Infine, va sottolineato che guardare all’evoluzione dei numeri di femminicidi è importante per cogliere l’andamento e la portata di un unico, estremo aspetto della violenza contro le donne, la violenza letale. Tuttavia, un’indagine svolta dall’Organizzazione Mondiale della Sanità mostra che 1 donna su 3 nel mondo almeno una volta nella vita è stata vittima di violenza di genere. I pochi dati a disposizione sul nostro Paese risalgono ad un’indagine del 2014 di Istat e riportano una situazione simile nel contesto italiano. Ne emerge, infatti, che almeno il 30% delle donne intervistate dichiara di essere stata vittima almeno una volta di violenza fisica o sessuale. Nella stessa indagine, il 22% delle donne riporta di essere stata vittima di stalking da parte di un ex partner.

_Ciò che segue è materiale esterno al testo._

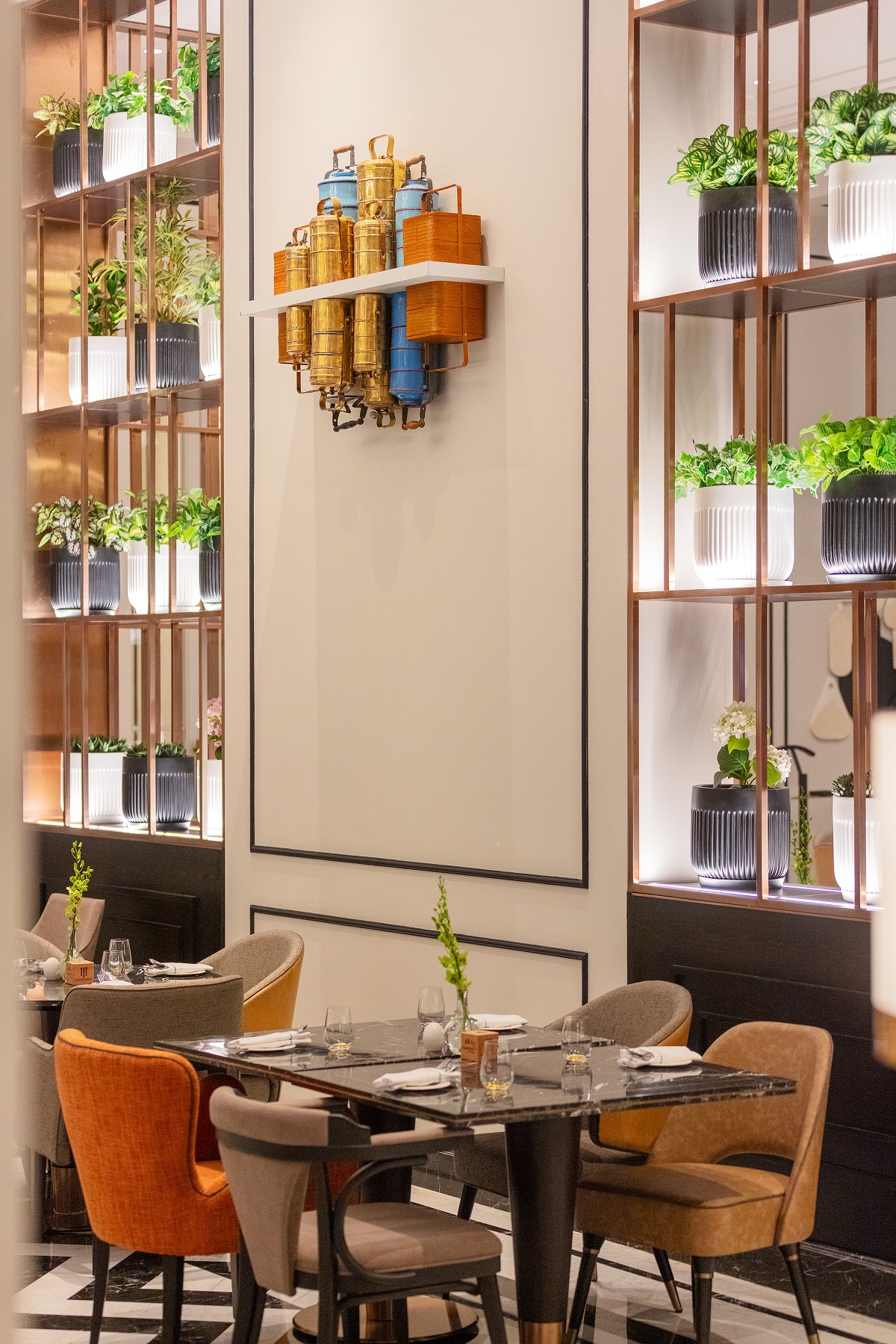 lunchbox art in the restaurant Fairmont Mumbai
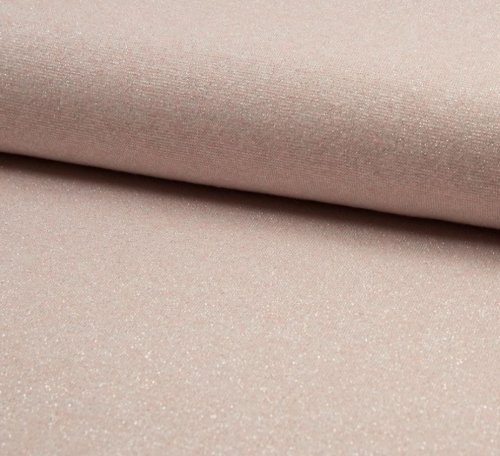 Viskose Strick - Asley - rose melange Glitzer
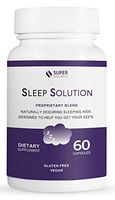 Sleep Aid for Adults by Super Naturals Health | Natural Sleeping Pills | 100% Natural Ingredients | Supports Better Sleep | Improves Insomnia | Melatonin | 60 Capsules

Comprendere le radici culturali del fenomeno

La mancanza di parità di genere, gli stereotipi culturali e i pregiudizi discriminatori contribuiscono a creare un contesto in cui le donne sono più esposte alla violenza di genere e trovano ostacoli significativi nel raggiungere una piena partecipazione sociale, economica e politica. La sistematicità della violenza di genere rende necessario partire dalla comprensione delle sue radici, ancorate nelle istituzioni economiche, politiche e culturali del Paese. Solo affrontando le radici profonde di questo fenomeno e promuovendo un impegno concreto da parte di ogni attore sociale, cittadino e cittadina, per l’uguaglianza di genere, possiamo sperare di costruire una società più equa e inclusiva per tutte e tutti.